So (softening my first answer), I'd say that if you're depending on certain behavior in scenario 2, you'd have to treat it as non-portable code whose behavior on a particular platform would have be determined by whatever the implementation's documentation might indicate (and if the docs said nothing about it, then you're out of luck with a guaranteed behavior.

from C99 5.1.2.3/2 "Program execution":

Accessing a volatile object, modifying an object, modifying a file, or calling a function that does any of those operations are all side effects, which are changes in the state of the execution environment. Evaluation of an expression may produce side effects. At certain specified points in the execution sequence called sequence points, all side effects of previous evaluations shall be complete and no side effects of subsequent evaluations shall have taken place.

...

(paragraph 5) The least requirements on a conforming implementation are:

  • At sequence points, volatile objects are stable in the sense that previous accesses are complete and subsequent accesses have not yet occurred.

Here's a little of what Herb Sutter has to say about the required behavior of volatile accesses in C/C++ (from "volatile vs. volatile" http://www.ddj.com/hpc-high-performance-computing/212701484) :

what about nearby ordinary reads and writes -- can those still be reordered around unoptimizable reads and writes? Today, there is no practical portable answer because C/C++ compiler implementations vary widely and aren't likely to converge anytime soon. For example, one interpretation of the C++ Standard holds that ordinary reads can move freely in either direction across a C/C++ volatile read or write, but that an ordinary write cannot move at all across a C/C++ volatile read or write -- which would make C/C++ volatile both less restrictive and more restrictive, respectively, than an ordered atomic.
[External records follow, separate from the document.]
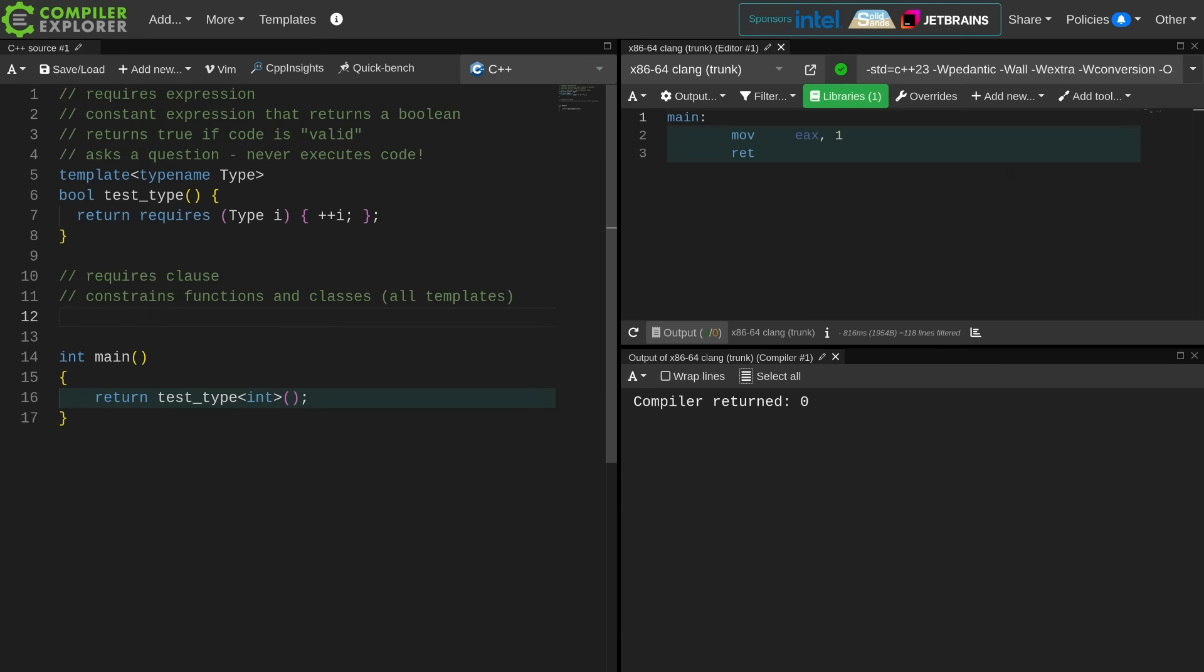You can use requires clauses on lambdas, on regular functions, on member functions, on classes, etc.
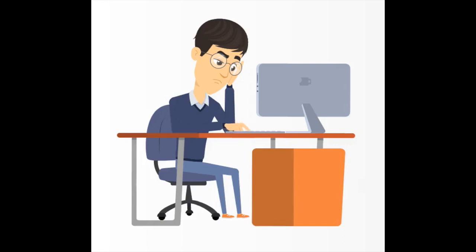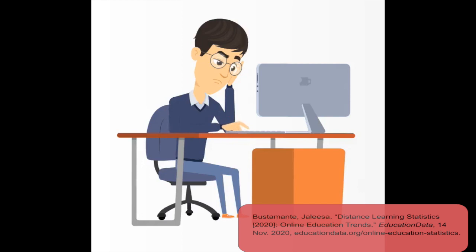Students and parents ranked quality remote instruction during the pandemic 5.6 out of 10. Concerns include poor content, little collaborative learning, and poor instructor preparation.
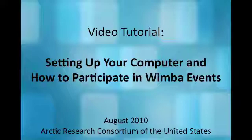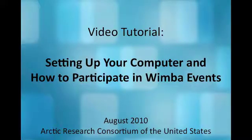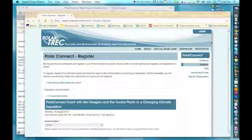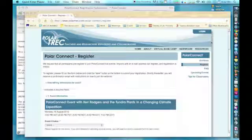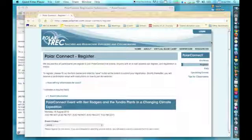There is no cost associated with participating in these events, and no software will be downloaded to your computer. For most ARCUS events, including PolarConnect live events and care seminars, the event is announced in advance through various email lists and website postings.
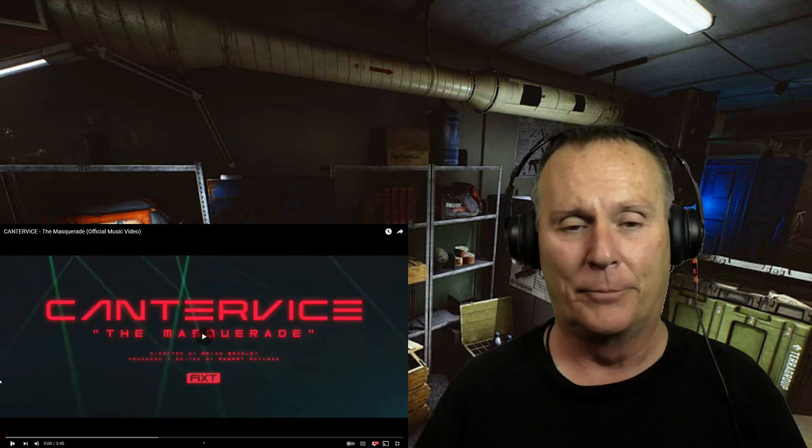What's up YouTube? Today I am reacting to another band I've never heard of called Cantervice. The song is Masquerade. It's the official music video. Let's just jump into it and check it out, shall we?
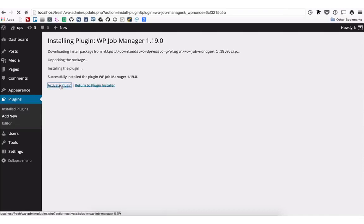Optionally, you can also download the WP Job Manager zip file from the WordPress.org plugin repository and install it manually.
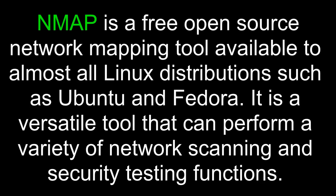Nmap is a free open source network mapping tool available to almost all Linux distributions such as Ubuntu and Fedora. It is a versatile tool that can perform a variety of network scanning and security testing functions.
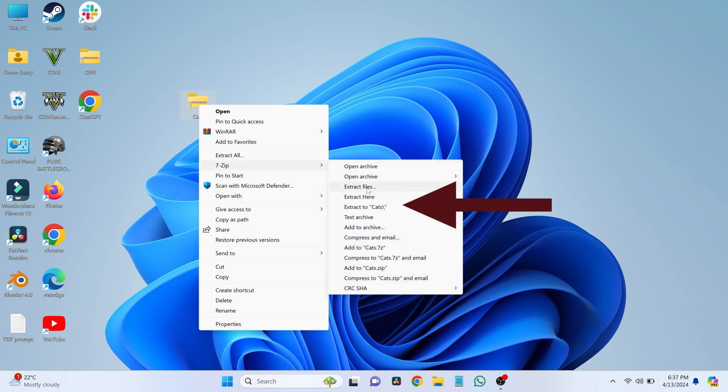In your case, it could be any folder name depending on what you have named it. For example, if your folder name is Photos, you would select Extract to Photos.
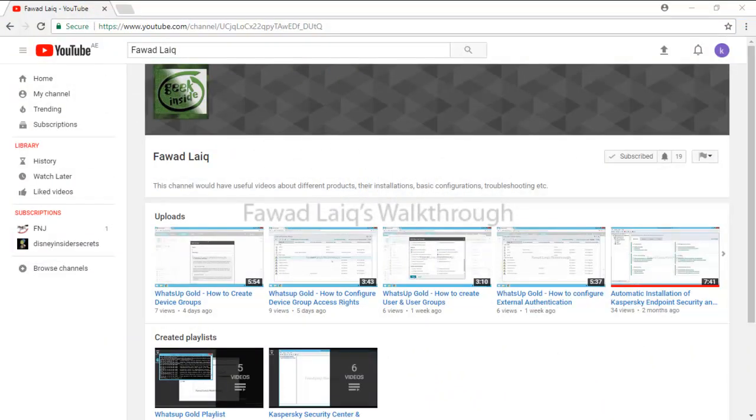Thank you so much for watching Fawad Laiq's walkthrough videos. Please comment, subscribe to my channel, and let me know if you need to know more about any of the products I am talking about.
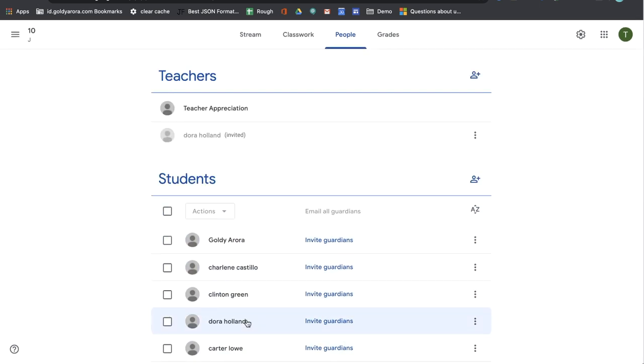So this is how you can directly add students to multiple courses right from your Google Sheet with classwide if you have G Suite administration permissions.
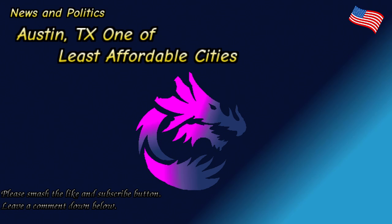Anyways, leave a comment down below what your thoughts are. Would you ever move to Austin? Are you going to avoid Austin? Keep in mind that Dallas and Houston are actually more affordable than Austin is. So leave a comment down below what your thoughts are. Smash the like and subscribe button on any and all platforms or just the platform you're currently watching. But most importantly, have yourself a wonderful day, morning, or evening.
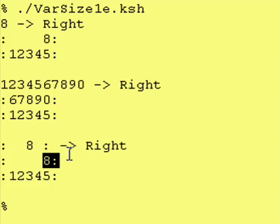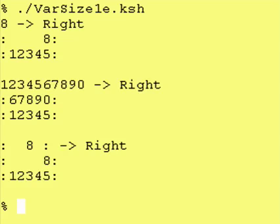And once again, using the typeset dash capital R is a good way to print out numbers, especially if it's money — that way, all your dollars and cents columns line up.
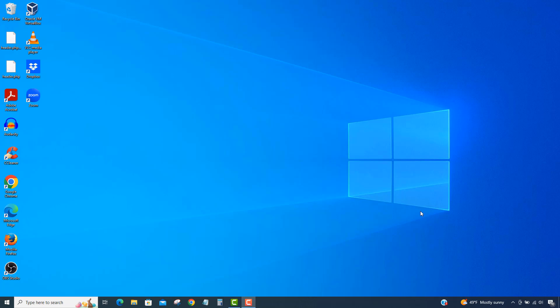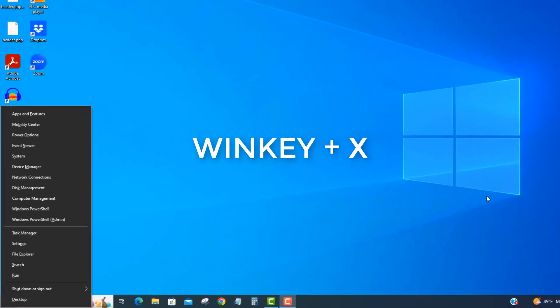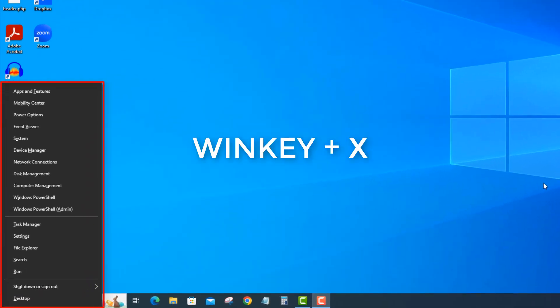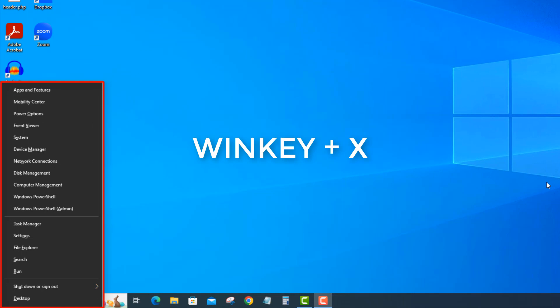We're going to do two series of keyboard shortcuts. The first one is the Windows key and X, which launches the quick link menu.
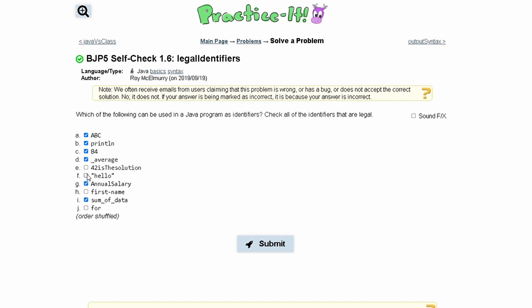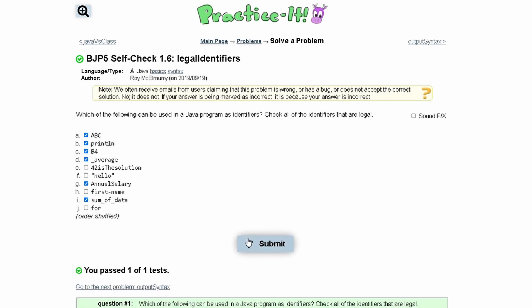And 'hello' could be used if it was not in parentheses. However, since it is in parentheses, parentheses cannot be used in an identifier. And that is all of the correct answers. If we submit it, we have passed the tests.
Some compiler vendors support that interpretation; others don't optimize across volatile reads or writes at all; and still others have their own preferred semantics.

And for what it's worth, Microsoft documents the following for the C/C++ volatile keyword (as Microsoft-sepcific):

  • A write to a volatile object (volatile write) has Release semantics; a reference to a global or static object that occurs before a write to a volatile object in the instruction sequence will occur before that volatile write in the compiled binary.

  • A read of a volatile object (volatile read) has Acquire semantics; a reference to a global or static object that occurs after a read of volatile memory in the instruction sequence will occur after that volatile read in the compiled binary.

This allows volatile objects to be used for memory locks and releases in multithreaded applications.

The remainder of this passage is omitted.